Friday, March 1, 2019

Right now

Right now... (an occasional meme, alternating from time to time with "The Current")

Reading:  I read 3 books in February (and reviewed them all here on my blog):  "Beartown" by Fredrick Backman, "The Golden Tresses of the Dead" by Alan Bradley, and "Parkland" by Dave Cullen. This brings my Goodreads 2019 Reading Challenge YTD total to 6 books (goal:  24).

Current read: "Russian Roulette" by Michael Isikoff & David Corn. It's been in the TBR pile for a while now, & I figured I should (try to) get it read before the Mueller report gets released, lol.  ;)

Recent purchases: "Say Nothing: A True Story of Murder and Memory in Northern Ireland" by Patrick Radden Keefe and "Mourning Has Broken" by Erin Davis.

WatchingThe Oscars (last weekend).  :)  I've been enjoying season 3 of "Victoria" (season finale this Sunday night!) and the new season of "Finding Your Roots" on PBS.

Sadly, we didn't get to the movies at all in February. Nothing out (or at least playing locally) that both of us wanted to see. Maybe this month...! The local multiplex just got "The Favourite" and brought back "Green Book" -- no doubt influenced by the Oscars they won.
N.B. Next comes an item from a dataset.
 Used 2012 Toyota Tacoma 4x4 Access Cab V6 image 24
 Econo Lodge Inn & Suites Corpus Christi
Listening:  I am not a big podcast listener -- just haven't gotten into the habit -- but I recently found one that I am enjoying and wanted to share with you here.  Erik & Melissa are a California couple living childless/free after infertility.  They started podcasting about it anonymously at "How Did We Get Here?" but recently went public and changed the name of their podcast to "Living Childfree with Erik & Melissa." They cheerfully admit to being amateurs at podcasting, and frequently interrupt and bicker with each other, but (for me anyway) that's part of the charm. ;) I am looking forward to listening to more from them in the future.

Just before Christmas, Melissa & Erik also told their story on a Huffington Post podcast about infertility, IVFML (and I think when you hear it, you'll understand why they decided to stop pursuing infertility treatments!). (They tell the same story, in greater detail, on episode 3 of their own podcast.)  Hosts Simon & Anna (parenting after infertility) really seem to "get" that this story is not one that people going through infertility want to hear, and that it's difficult for childless people to live in a world that's built around parents and children. That was REALLY refreshing to hear!!  (Slowly but surely, our messages are starting to sink in...!) 
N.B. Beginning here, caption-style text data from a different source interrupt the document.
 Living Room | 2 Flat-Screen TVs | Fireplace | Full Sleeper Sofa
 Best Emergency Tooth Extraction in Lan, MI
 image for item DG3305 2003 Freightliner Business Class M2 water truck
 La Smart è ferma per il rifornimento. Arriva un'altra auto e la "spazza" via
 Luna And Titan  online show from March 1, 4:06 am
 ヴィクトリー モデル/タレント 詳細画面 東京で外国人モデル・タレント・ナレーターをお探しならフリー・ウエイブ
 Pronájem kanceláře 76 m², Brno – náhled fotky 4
Following:  Four different Instagram pages devoted to dachshunds. ;)  (Crusoe the Celebrity Dachshund is hilarious!)

Drinking/Eating: Too many chocolate-covered pretzels, as the numbers on the scale will attest...  :p (I do love the combination of chocolate & salt, though... yum!)

Wearing: Some beautiful new bracelets, handcrafted in sterling silver by a friend of Msfitzita's and purchased on sale. I find her stuff irresistible! & she provides excellent customer service as well. Check it out here!

Buying (besides books, lol):  I recently scored four cute new tops from the sale racks at the Lucky Brand outlet for $75, including tax!  Yay me!  ;)

Trying: (& failing) To get to bed a little earlier. 

Wanting:  Spring. Soon. :p   Pretty please??

Loving: Spending time with family... especially our grown-up nephews. (And the dog, lol.  ;)  )  We ran into Oldest Nephew at the supermarket on Family Day Monday, getting takeout lunch for him & his wife. It was a nice little unexpected encounter, and one of the good things about living here.

Feeling:  Sick & tired of winter!! (And I'm sure you're all sick & tired of reading it from me...!  lol)  Relieved that February is (finally) over.